Car les Isendrais vouent un culte à l'histoire ; et lorsqu'ils se racontent, ils s'approprient les expériences d'autrui d'une façon quasi-fusionnelle. Leur principal problème avec Asrethia ? L'immobilisme qu'il veut imposer au monde et qui n'est pas du tout naturel. Quand aucune évolution n'est possible, c'est la mort de tout.
Et plutôt mourir que d'affronter cela.

« Bataille pour un souvenir » revient sur la guerre contre le Hiéral, mais cette fois du côté des Hiéraliens. le narrateur est le dernier guerrier-mémoire à avoir dépassé les trente ans. Comme tous les autres, il se prépare, dit adieu à sa femme et à son fils, promet de revenir. Mais comment retrouver le chemin de la maison quand on se bat jusqu'à tout oublier ? Qui est cet homme que le Général Erdani affronte ? le sait-il lui-même ? Pour quelle raison le général (pourtant d'origine hiéralienne) est si déterminé à mettre le Hiéral à genoux ? Pourquoi tient-il tant à mettre à mort dans un duel le dernier guerrier-mémoire ?
Une chose est sûre, ce texte ne peut pas fonctionner sans « Au-delà des murs ».

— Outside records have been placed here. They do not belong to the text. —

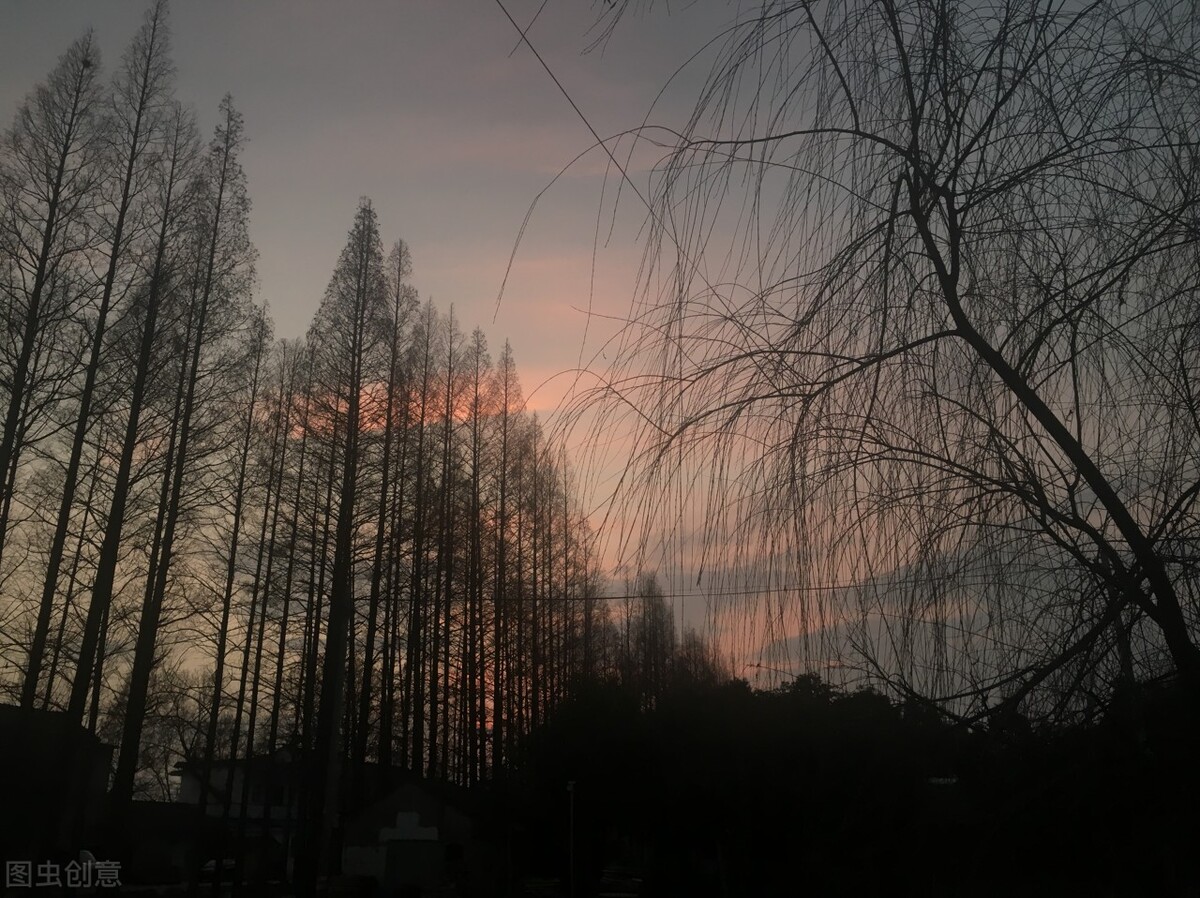 我們應該順應自然法則來保養我們的身體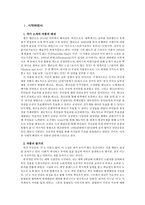 인문과학 보이지 않는 인간-2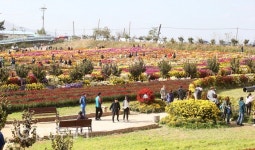 국화축제 개막 서산…가을국화에 물들다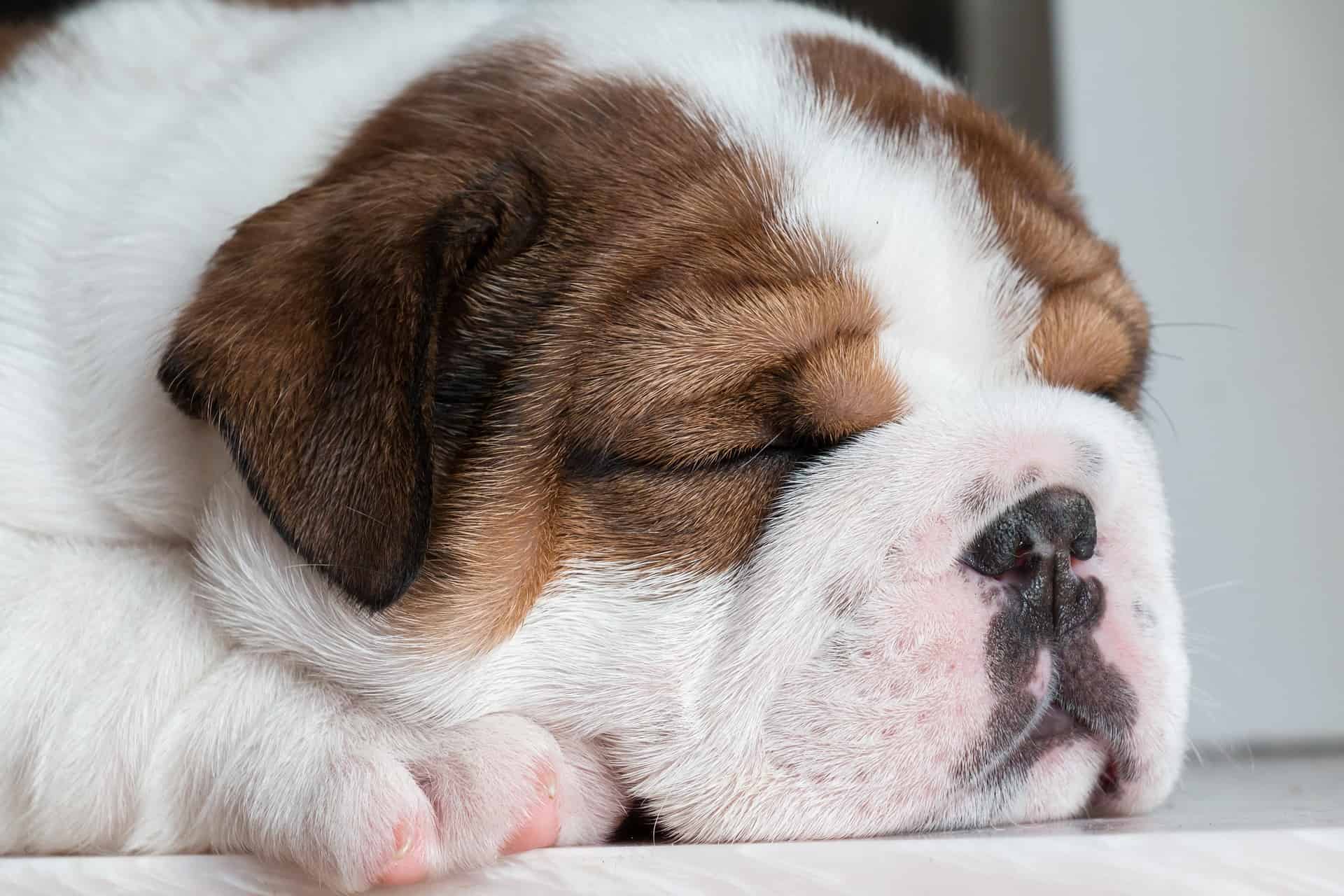 Image de chien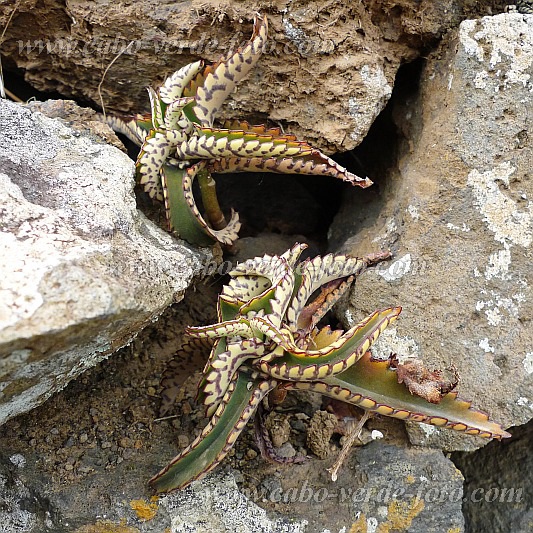 Santo Anto : Monte Joana : miracle leaf : Nature PlantsCabo Verde Foto Gallery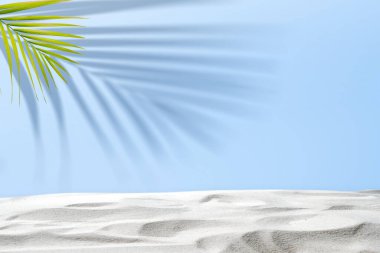 Güzel kumlu bir sahilde palmiye yaprakları. Doğal arka plan. Yaz konsepti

« le Guerrier au bord de la glace » est le récit qui vous expliquera tout, tout, tout sur les Anges des mythes d'Aniagrad. C'est la dernière grande bataille : une guerre civile qui prendra des proportions si grande qu'elle détruira l'empire. Les armures sont tellement perfectionnées qu'elles ont une Conscience et qu'elles peuvent voler. J'ai été sidérée de voir un dragon monumental se battre à leurs côtés. Cette espèce ne pouvait exister avant, on l'aurait su. Est-ce une créature de laboratoire ? Des extra-terrestres ? D'où viennent ces dragons ? Pourquoi les appelle-t-on « seigneurs » ? Quel statut ont-ils dans la société ? Qui sont-ils par rapport à Dame Mordranth, l'Oracle-Dragon ?

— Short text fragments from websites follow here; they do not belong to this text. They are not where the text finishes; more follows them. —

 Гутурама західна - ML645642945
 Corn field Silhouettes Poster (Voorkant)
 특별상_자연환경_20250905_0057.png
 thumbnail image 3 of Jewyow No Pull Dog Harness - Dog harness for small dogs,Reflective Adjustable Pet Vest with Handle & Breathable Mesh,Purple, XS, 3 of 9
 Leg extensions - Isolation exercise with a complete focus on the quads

« Quelques grammes d'oubli sur la neige » (parce que la question de la mémoire et de l'oubli semble être prépondérante pour Lionel Davoust) parle d'un petit pays au passé incroyablement glorieux qui paye à présent le prix de leur gloire. Les Anomalies envahissent tout et menacent les hommes. L'hiver approche et les greniers sont déjà vides. Sans ressource, le roi Childe Karmon se décide à une tentative impie : accompagné de ses plus puissants prêtres, il part en quête de la sorcière Irij Wolfran, dont on dit qu'elle peut voir le passé et le futur. Peut-être saura-t-elle les raisons de la chute ? Peut-être trouvera-t-elle une solution pour lutter contre les Anomalies.

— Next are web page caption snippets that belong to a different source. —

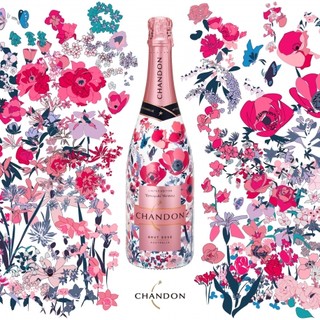 アクイラ・ウォランス_2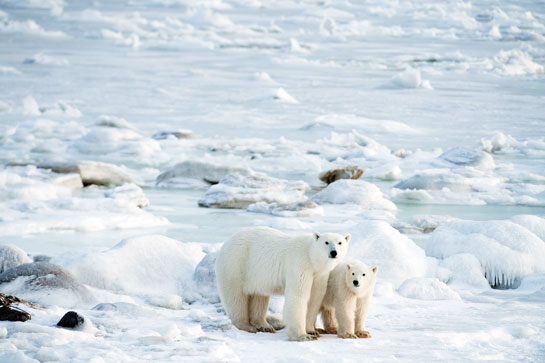 The exemplary diversity of wildlife along Canada's Hudson Bay includes a population of almost 800 polar bears and more than 500,000 of their staple prey, the ringed seals.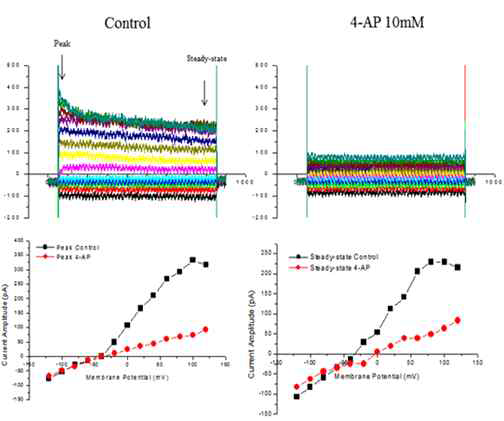 Merkel cell의 4-AP-sensitive potassium channel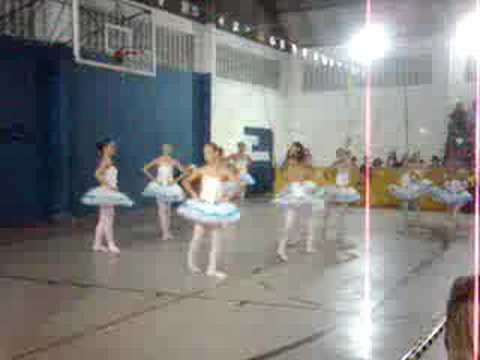 Grupo de Ballet Cristiane Araujo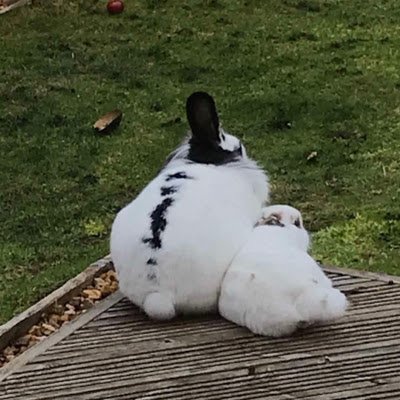 aleena1234_a's profile picture. 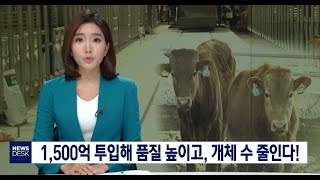 1,500억 투입해 품질 높이고, 개체수 줄인다!-이규설[포항MBC뉴스]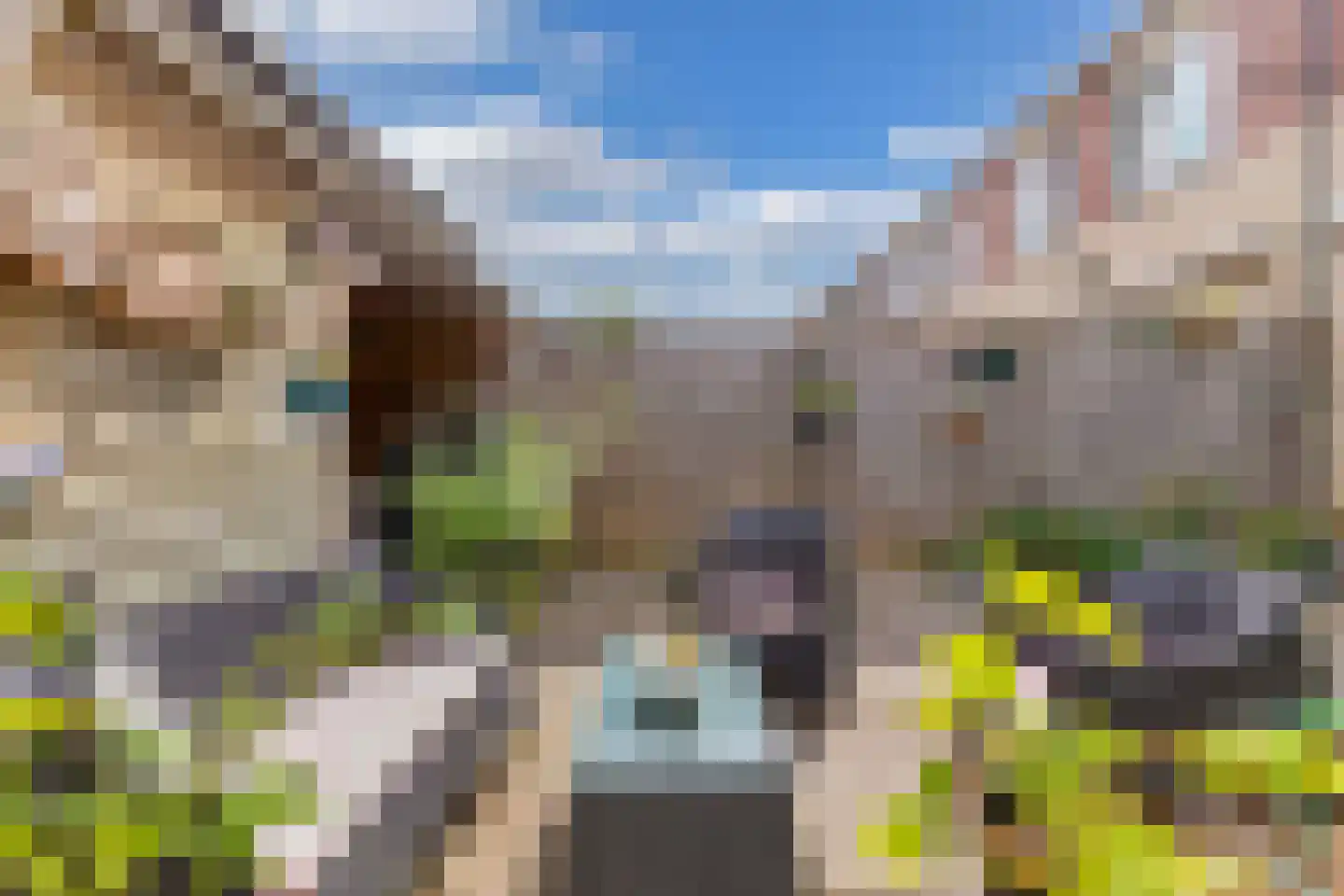 Lamastraat 44 Almere thumbnail 30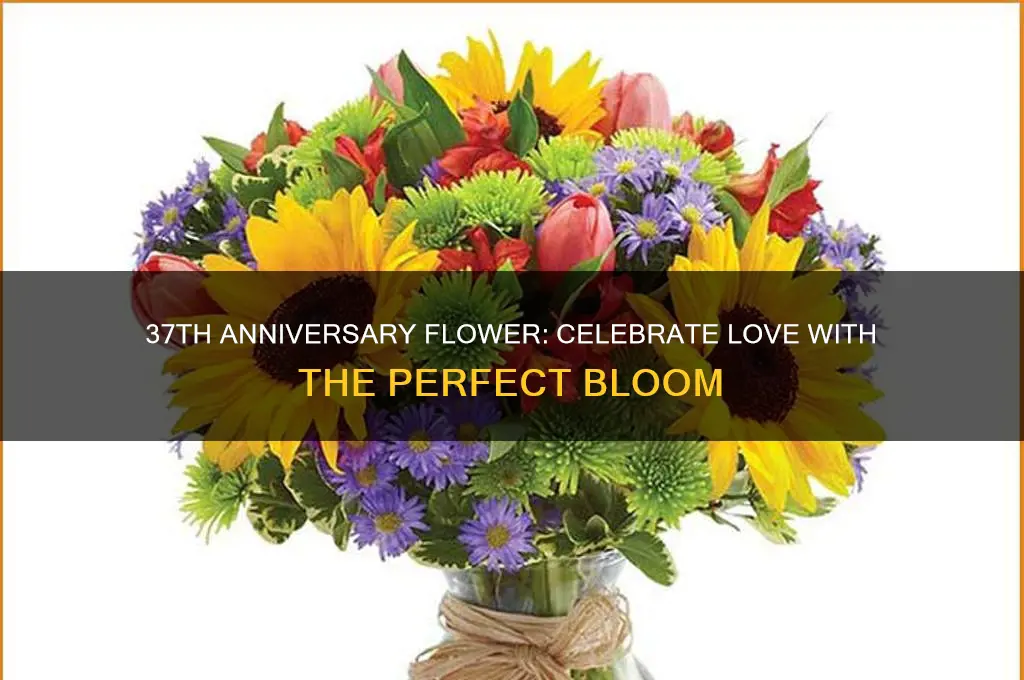 what is the flower for 37th wedding anniversary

Les hommes ont oublié Dame Mordranth, qui n'est plus qu'une icône du péché, de ce temps ou « la femme frayait avec le dragon ». Désormais, ils vénèrent le dieu de Vérité, Wer, qui, dit-on, est venu purifier le monde de sa souillure et placer les Anomalies en punition. Un clergé rigide, hiérarchique, masculin, s'est instauré. C'est d'ailleurs un jeune prêtre affecté à la garde de la sorcière (tant pour surveiller ses moeurs que pour s'assurer qu'elle ne s'enfuie pas du château pour retourner dans ses marais) qui raconte le récit. Les mois passant, il réalise que la jeune femme semble être tout à fait normale. Serait-il possible que le culte weriste puisse être dans l'erreur ?

Un beau recueil, fascinant et complet.